Load data from the Million Song Dataset into a final dimensional model in RedShift utilizing Apache Airflow.
A fictional music streaming startup, Sparkify, has grown their user base and song database and want to move their processes and data onto the cloud. Their data resides in S3, in a directory of JSON logs on user activity on the app, as well as a directory with JSON metadata on the songs in their app. The files in this repository will assist in loading the data into a final dimensional model in AWS RedShift.
Data is extracted from S3 buckets and loaded into staging tables.
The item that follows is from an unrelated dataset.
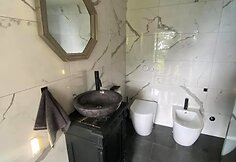 Vonios transformacija Alpių namelyje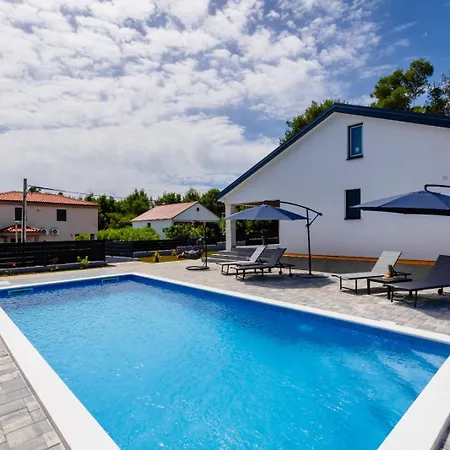 New! In With Private Pool - Ta Leut Agency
Apache Airflow is utilized to coordinate data transfer and transformations. 4 operators are created:
- StageToRedshiftOperator
- Stages data from both event and songs source JSON files
- LoadFactOperator
- Loads data into songplays fact table
- LoadDimensionOperator
- Loads data into all dimension tables
- Optionally truncates dimension before loading
- DataQualityOperator
- Generic operator to perform any SQL data quality check passed to it
An Apache Airflow DAG was created utilizing the above operators.
Clone this repository:
git clone https://github.com/rigganni/Million-Song-Apache-Airflow-AWS-RedShift
Set up the following variables in dwh.cfg:
variable | description |
---|---|
DWH_CLUSTER_TYPE | multi-node |
DWH_NUM_NODES | number of nodes for cluster |
DWH_NODE_TYPE | i.e. dc2.large |
DWH_HOST | will be written to in create_redshift_cluster_database.py |
DWH_IAM_ROLE_NAME | i.e. dwhRoleS3 |
DWH_CLUSTER_IDENTIFIER | dwhCluster |
DWH_DB | dev |
DWH_DB_USER | aws |
DWH_DB_PASSWORD | Your password |
DWH_PORT | specify port (i.e. 5439) |
DWH_REGION | us-west-2 since required S3 files are stored there |
DWH_CLUSTER_SUBNET_NAME | use if RedShift cluster is required in specific VPC |
DWH_ROLE_ARN | written to in create_redshift_cluster_database.py |
DWH_CLUSTER_SUBNET_GROUP_NAME | use if RedShift cluster is required in specific VPC |
KEY | AWS key |
SECRET | AWS secret |
ARN | written to in create_redshift_cluster_database.py |
LOG_DATA | s3://udacity-dend/log_data |
LOG_JSONPATH | s3://udacity-dend/log_json_path.json |
SONG_DATA | s3://udacity-dend/song_data |
Ensure variables are set up in dwh.cfg as described in installation above.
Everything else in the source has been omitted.